■ **Description of the task**: Could you retype the lines below, starting at the line holding "YONWAY Foldable Large" and stopping at the line holding "König Werbeanlagen Hinweisschild", inclusive? Copy them exactly and drop the images.

■ **The data**:
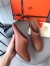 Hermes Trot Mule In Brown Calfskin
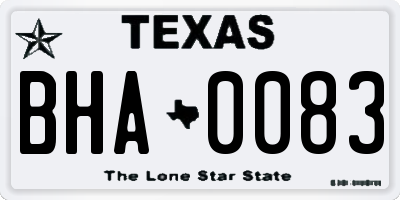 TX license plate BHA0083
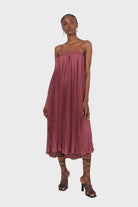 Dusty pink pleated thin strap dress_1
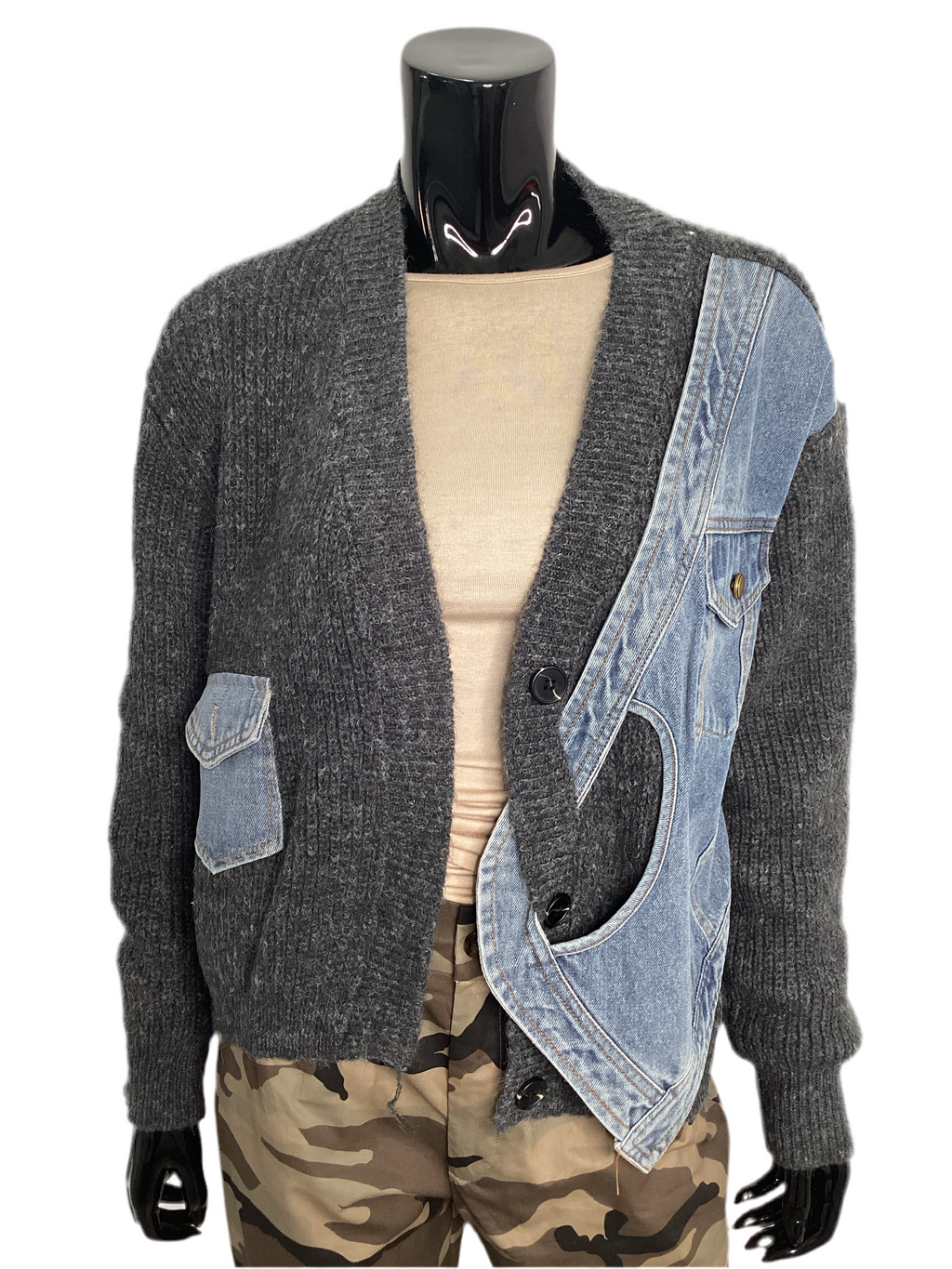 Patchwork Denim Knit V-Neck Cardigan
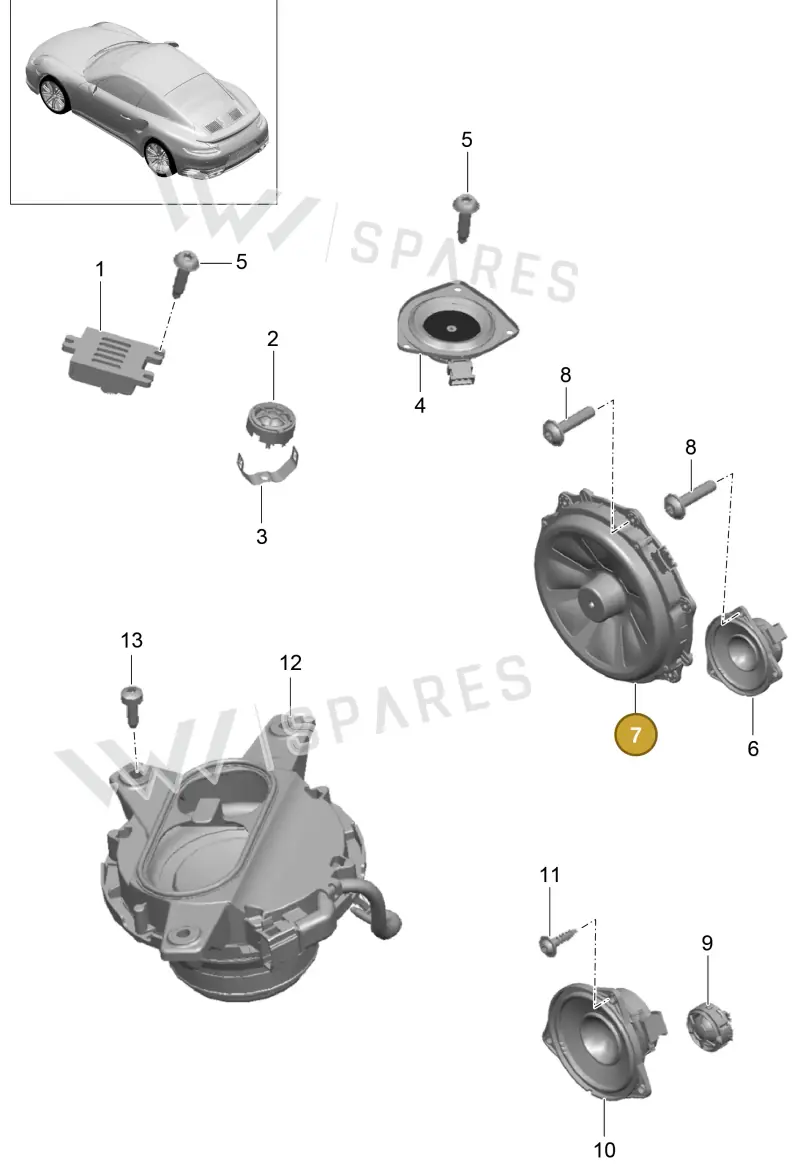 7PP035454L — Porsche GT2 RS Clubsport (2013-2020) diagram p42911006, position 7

==

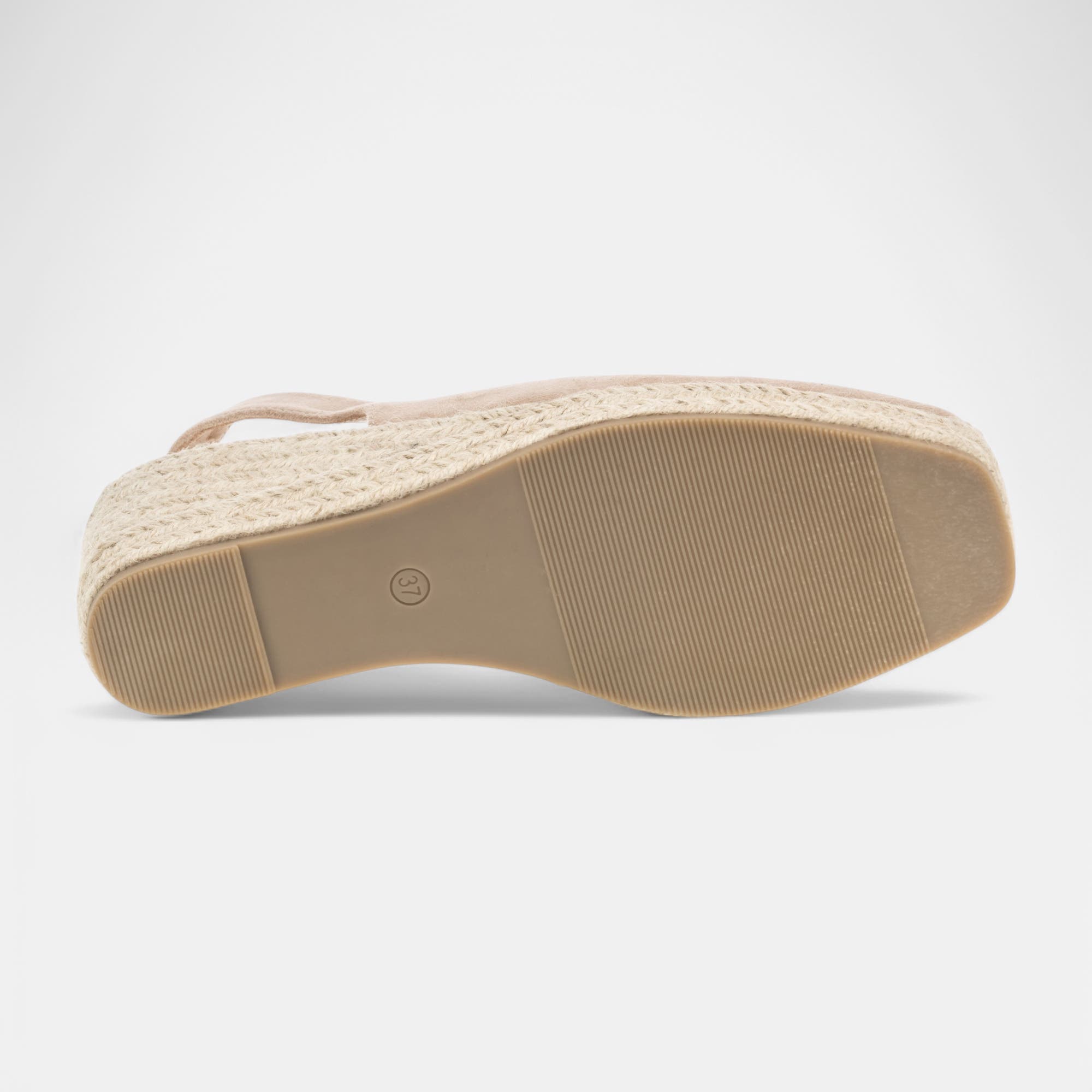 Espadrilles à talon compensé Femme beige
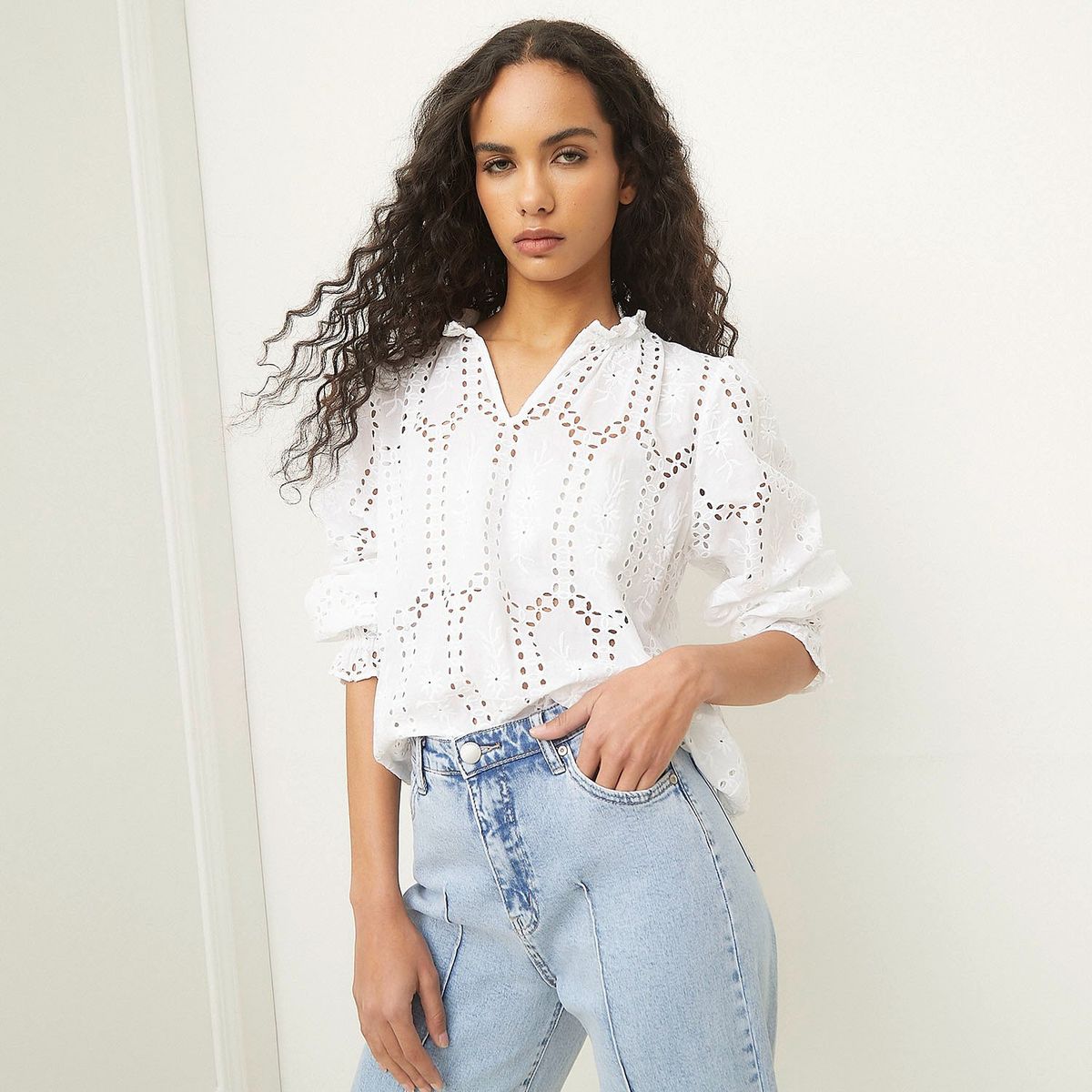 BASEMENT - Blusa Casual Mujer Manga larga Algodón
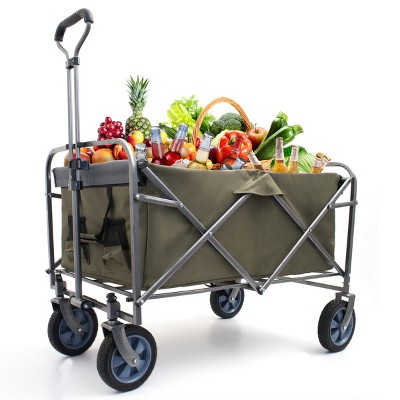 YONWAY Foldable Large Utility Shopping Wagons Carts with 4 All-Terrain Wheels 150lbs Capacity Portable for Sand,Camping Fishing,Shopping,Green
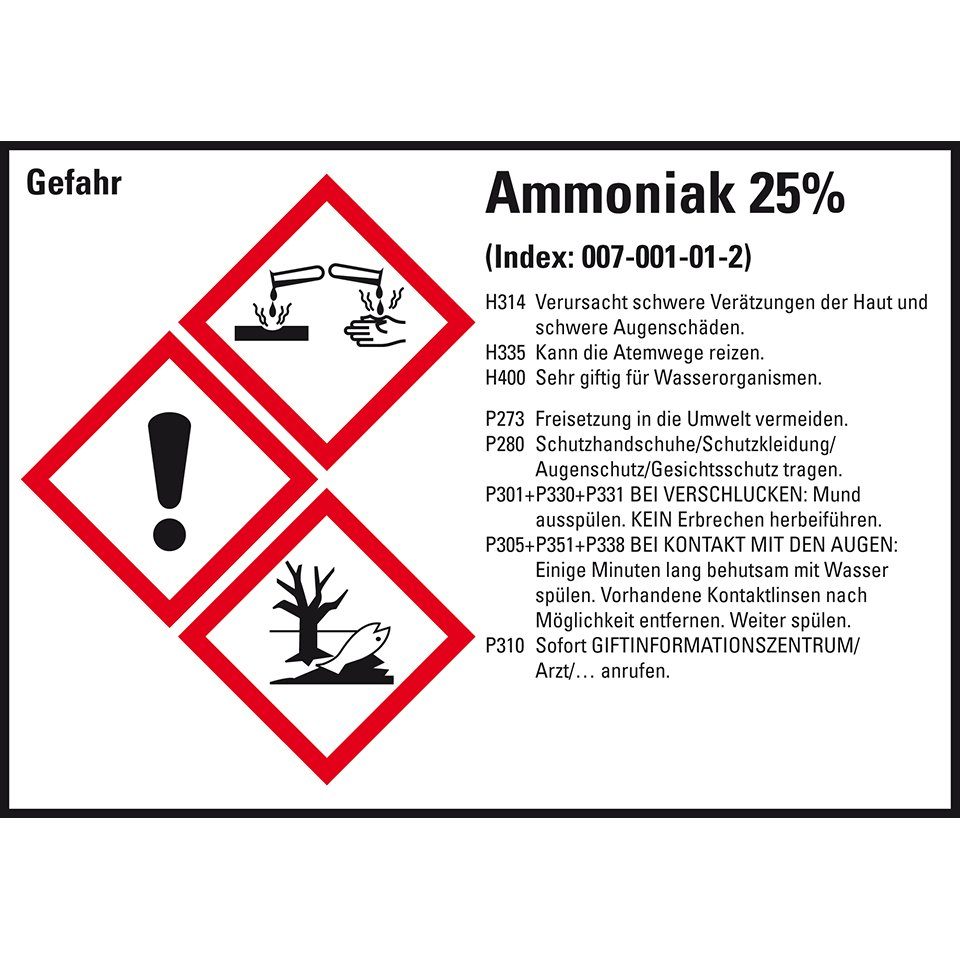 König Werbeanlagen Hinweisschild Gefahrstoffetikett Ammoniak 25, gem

■ **Solution below**:
 YONWAY Foldable Large Utility Shopping Wagons Carts with 4 All-Terrain Wheels 150lbs Capacity Portable for Sand,Camping Fishing,Shopping,Green
 König Werbeanlagen Hinweisschild Gefahrstoffetikett Ammoniak 25, gem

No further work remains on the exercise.